春雷

「琴葉さん‥だ、大丈夫なんですか?」

眠っている目のあたりに青黒い痣があった。
殴られたのだろうか。
なんて酷い人間がいるんだろう。

気配のない背中にいる人に、
恐る恐る尋ねてみた。
返事がない。

「あ、あの‥‥」

振り向いた視線の先に、ぞっとする物が目に入ってきた。

!!!!!!

高村先生の白いセーターに
赤黒いシミが飛び散っていた。
(えっ!?模様‥?違う、血だ!!だ、誰の血⁈)

腕のあたりにも、べっとり血がついている。

先生の細い手首には、包帯が巻かれていた。

あまりの生々しさに言葉を失った。

「あ、ああ、これ、ですか。たいしたことないですよ。窓を割って、柴田先生の部屋に入ったんで、ちょっと切っただけです‥柴田先生の血じゃありません‥」

私の視線に気づいた先生が、
なんの抑揚もない、セリフを棒読みしているように口を動かしていた。

(琴葉さんを助けてくれたんだ‥)
窓の外は強い雨が降っている。
病室が静かで、雨音がよく響いた。

「あの‥た、高村先生、ですよね?お、お母さんを助けてくれて、本当にありがとうございました」

絶対、高いセーター。きっともう着れない。
よく見れば、デニムにも血が点々と付いている。
(きっと、必死で助けてくれたんだ‥)

この人が見たものは一体どんな光景だったのだろう。手を切ることも気にせず窓を割って入ったなんて、きっとひどい物を見たんだ‥。

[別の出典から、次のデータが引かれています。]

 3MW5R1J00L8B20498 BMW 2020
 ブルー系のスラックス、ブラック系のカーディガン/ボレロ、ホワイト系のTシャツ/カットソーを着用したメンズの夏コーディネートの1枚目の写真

「お母さんのために、怪我させてしまって、ごめんなさい‥」

また涙がにじんできてしまった。
頭を下げると涙がぽたりと床に落ちた。

ゆらりと、高村先生の瞳が揺れた。
「いえ、怪我は勝手に慣れない事をしたせいですから、柴田さんのせいじゃないです。‥すみません、ご挨拶が遅れました。高村と申します」

私に向かって、頭をかるく下げてくれた。
頭を上げた時、やっと感情の入った表情をしていた。幽霊みたいで怖かったので、安心した。

「いえ、お母さんも、先生に怪我させてしまって、悲しいと思います。本当にありがとうございます‥」

私は椅子から立ち上がって、深々とお礼をした。